There are two steps, stain blocking cream and two sets of gloves, but I still managed to dye my arms and forehead and also my bathroom looked a lot like a crime scene. I don't know if it was the extra step or what but I got dye all over the place. I expect, knowing that, that next time I'll be able to contain the carnage with planning. 

In the end, the color is really nice. My hair texture feels unchanged, which is different than the plasticky Barbie hair I usually have post-color, and the color is really strong and shiny. I don't really have the red tone I expected, but that's my fault for not using the gloss correctly. 

So overall I recommend this stuff if you can't afford a salon. To me, it is an alternative to box color, but would feel complicated for someone who normally has their hair color done for them. Once the promotion is over I think it'll run about 20 bucks, and totally worth it.





I apologize for the "traditional selfie" nature of this photograph. I needed to show you the color, but I never meant to look fabulous. Accident. 

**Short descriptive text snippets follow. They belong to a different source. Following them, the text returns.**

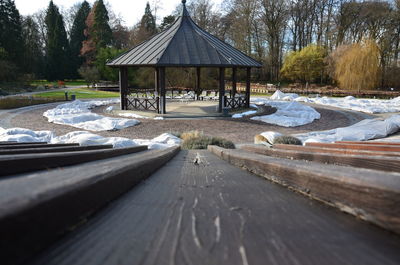 Gazebo by trees against sky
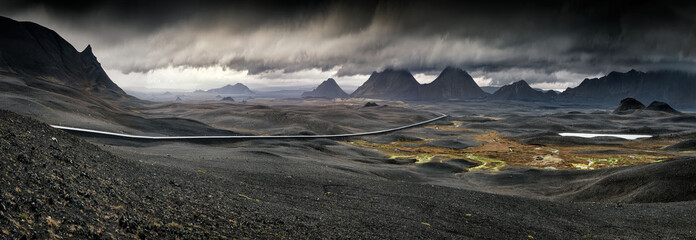 myvatn, iceland - long winding road through volcanic landscape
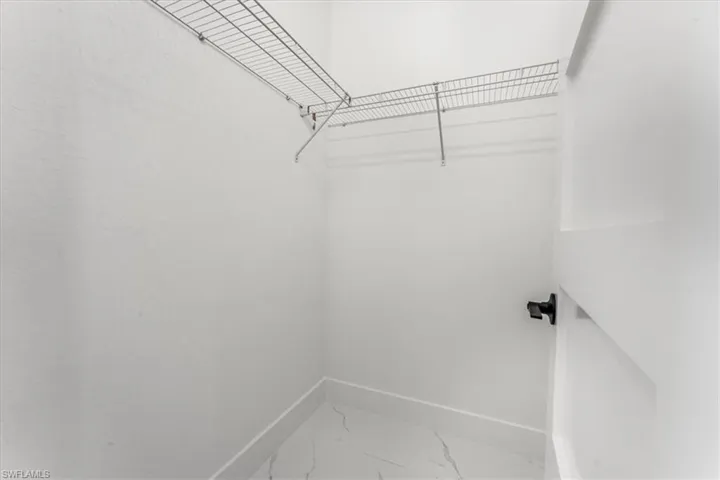 Walk in closet featuring marble finish flooring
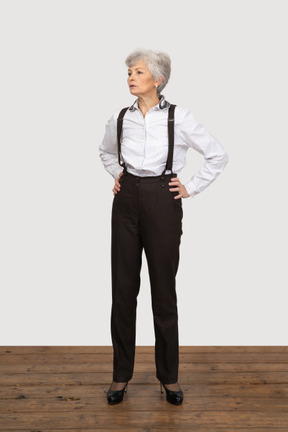 Businesswoman looking concerned with hands on hips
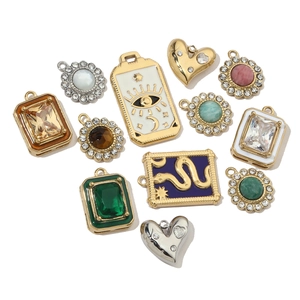 Detailed assortment of geometric stainless steel pendants with enamel and natural stone details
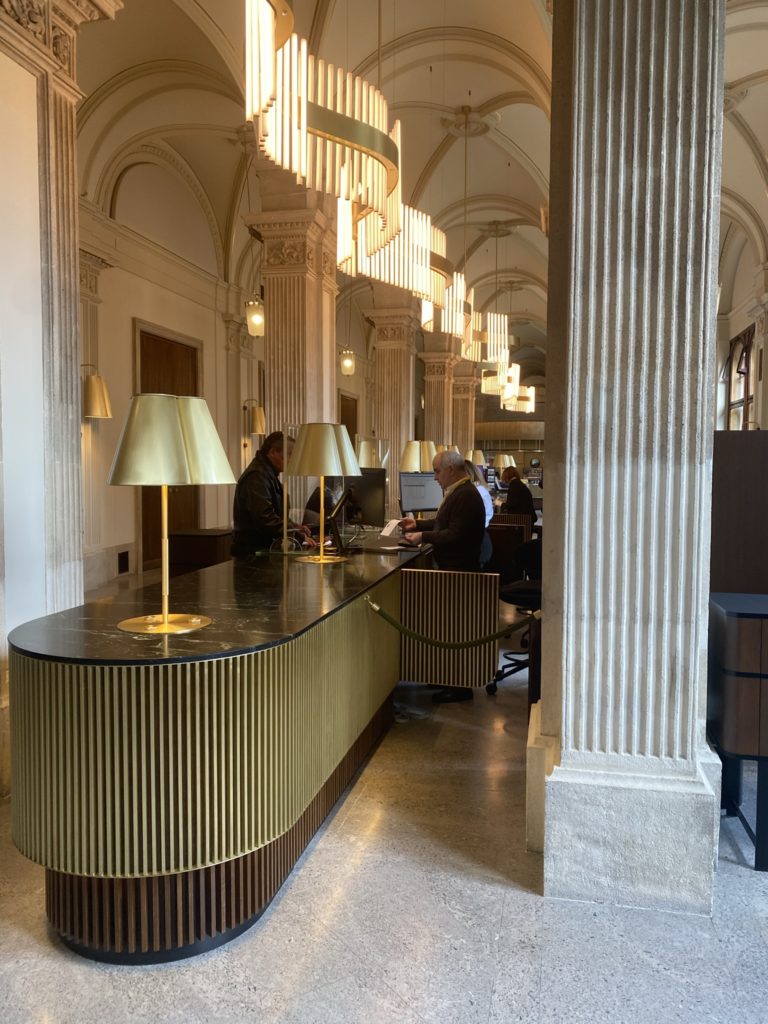 Mehrere Personen arbeiten an Schreibtischen mit goldenen Lampen in einer eleganten Halle mit hohen Decken und Säulen.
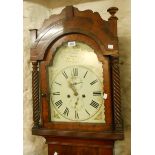 A 19th Century flame mahogany longcase clock, the 30cm painted arch dial marked for Coleman,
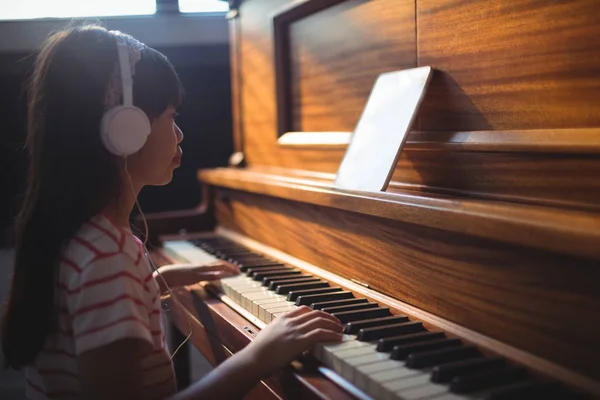 Flickan tittar på surfplatta samtidigt öva piano — Stockfoto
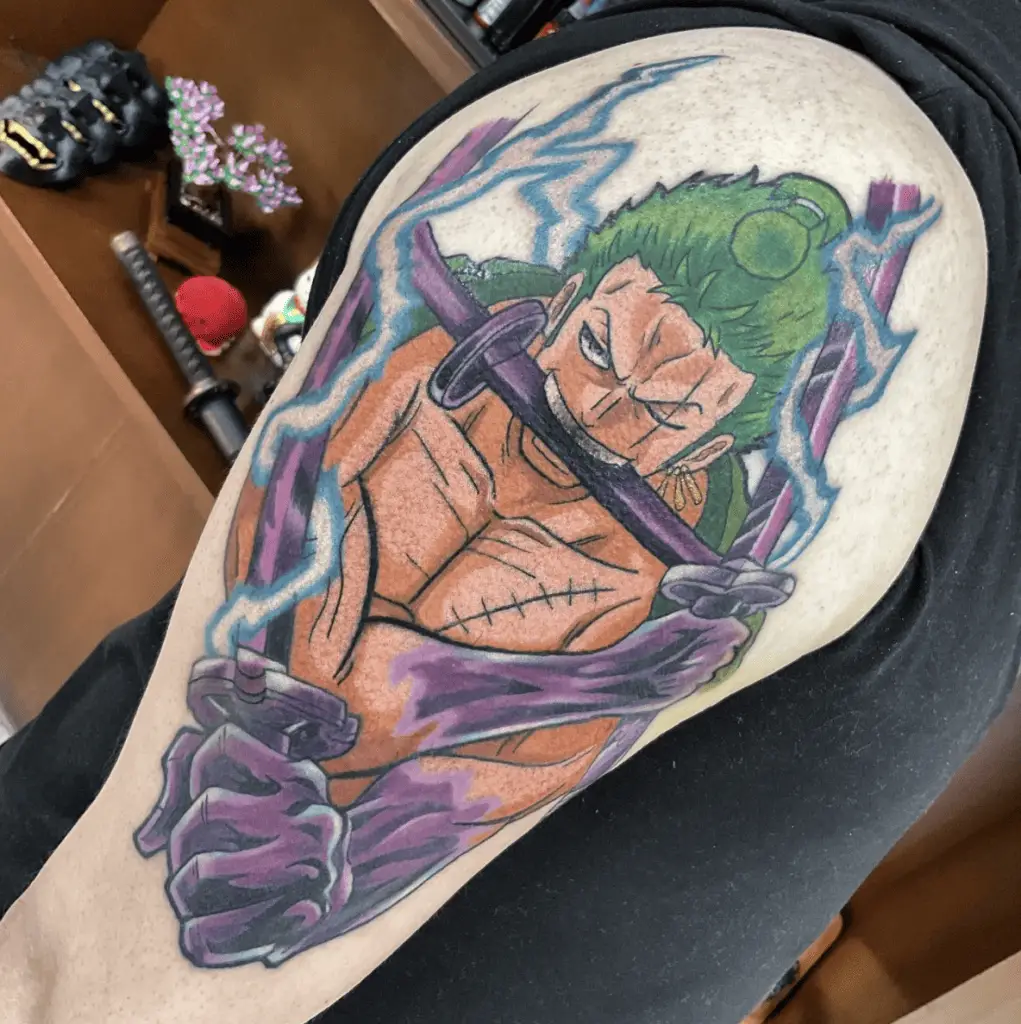 Colored Zoro in Fighting Pose With Lightning Effects Upper Arm Tattoo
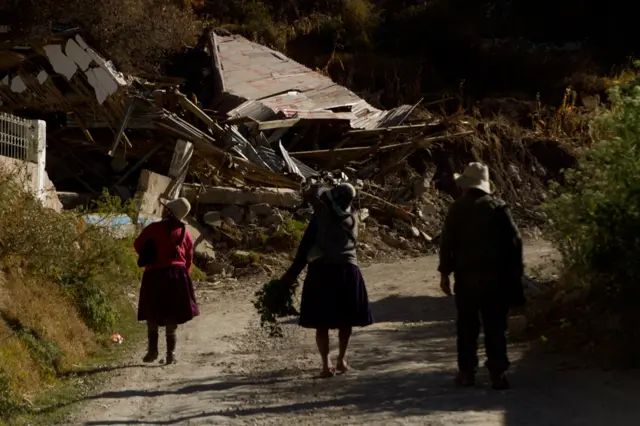 Tres personas caminando hacia la posta destruida.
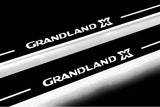 Close-up of Grandland X lettering and illuminated edges on door sill plates against a dark background.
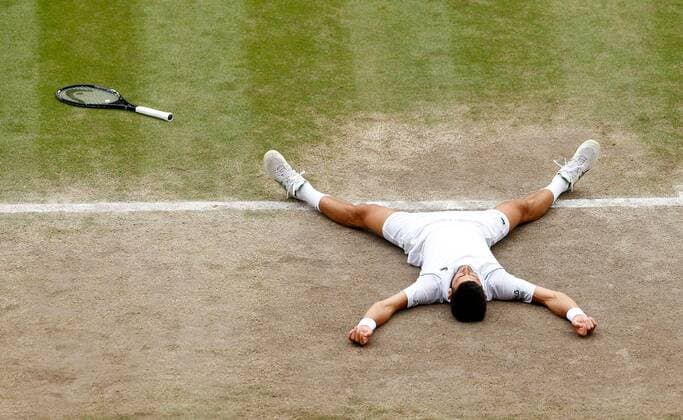 Mandatory Credit: Photo by Shutterstock (12204580an) Novak Djokovic of Serbia celebrates on match point Wimbledon Tennis Championships, Day 13, The All England Lawn Tennis and Croquet Club, London, UK - 11 Jul 2021 Wimbledon Tennis Championships, Day 13, The All England Lawn Tennis and Croquet Club, London, UK - 11 Jul 2021  Copyright: xShutterstockx 12204580an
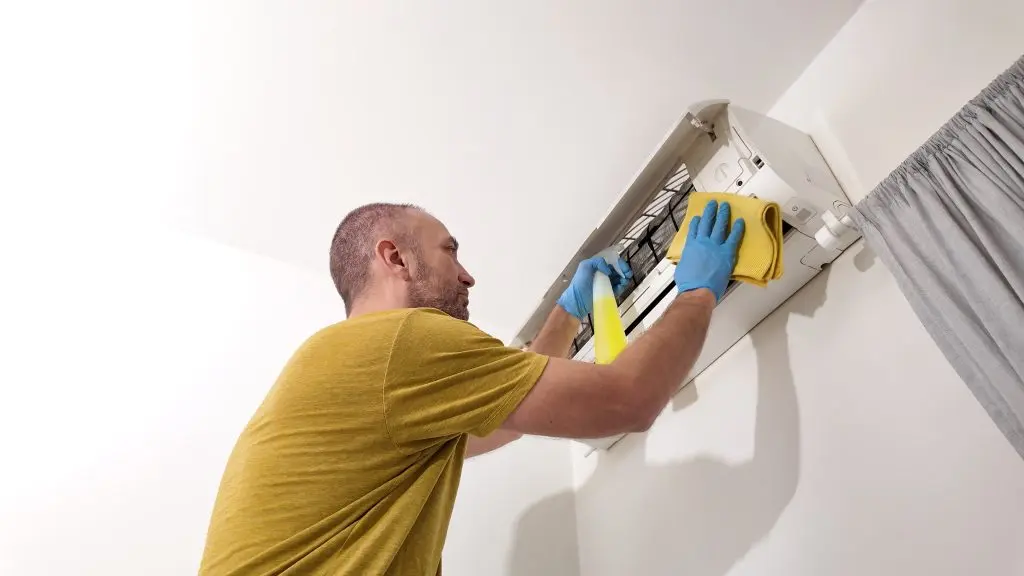 ac freezing up Man cleaning and maintaining air condition unit at Man cleaning and maintaining air condition unit at home.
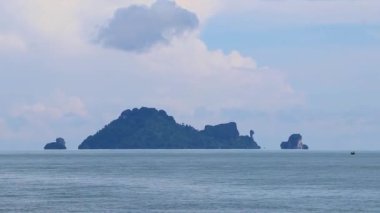 Turkuaz su plajındaki feribot manzaralı tropik cennet manzarası ve Amphoe Mueang Krabi Tayland 'daki Ao Nang Sahili' ndeki kireçtaşı tepeleri ve dağlar arasındaki uçurum..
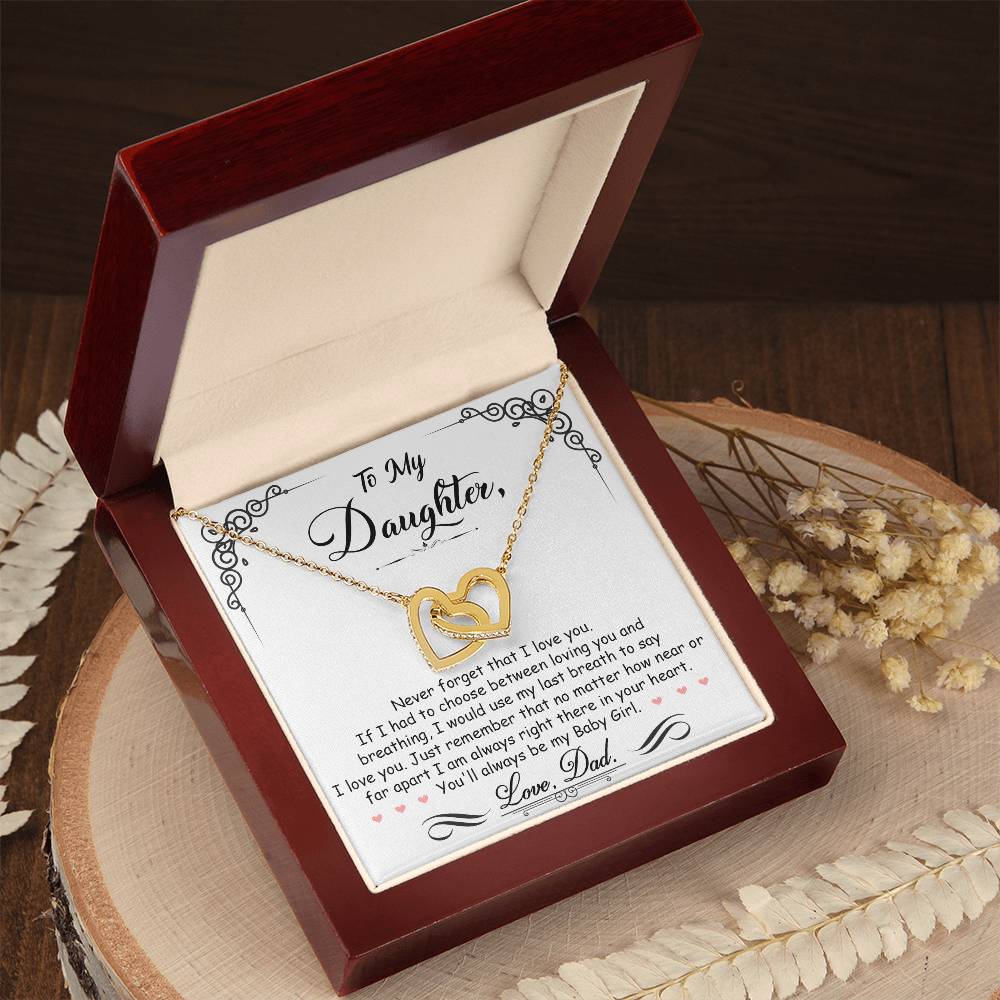 To My Daughter, I_m Always Right Here In Your Heart - Interlocking Hearts Necklace in a gift box with a message from a father to a daughter, adorned with cubic zirconia crystals by ShineOn Fulfillment.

I think a basic rule of blogging is not talking about blogging. It's one of those meta-fight-club things where the blogger never really references the medium of blogging. Listen, guys, I didn't make it in fight club and I didn't sign anything at blogger club, so I'll talk about it. I'm in a slump.

It's not like there's nothing happening. Life is happening, my kids continue to be hilarious and I'd like to think I'm growing as a person. Somehow none of that is making it into the brain space that is writing. Every time I think about putting life into words, something freezes up and I feel stuck. I don't know if I need an exorcism or a vacation, but I'm working on it. Writing this, celebrating and mourning our shared experiences, it's too much a part of me to stop doing. 

And that is why after nearly a month, I am back, writing about hair color. Because it's in my brain and it's not stuck. Consider it priming the pump for better stories.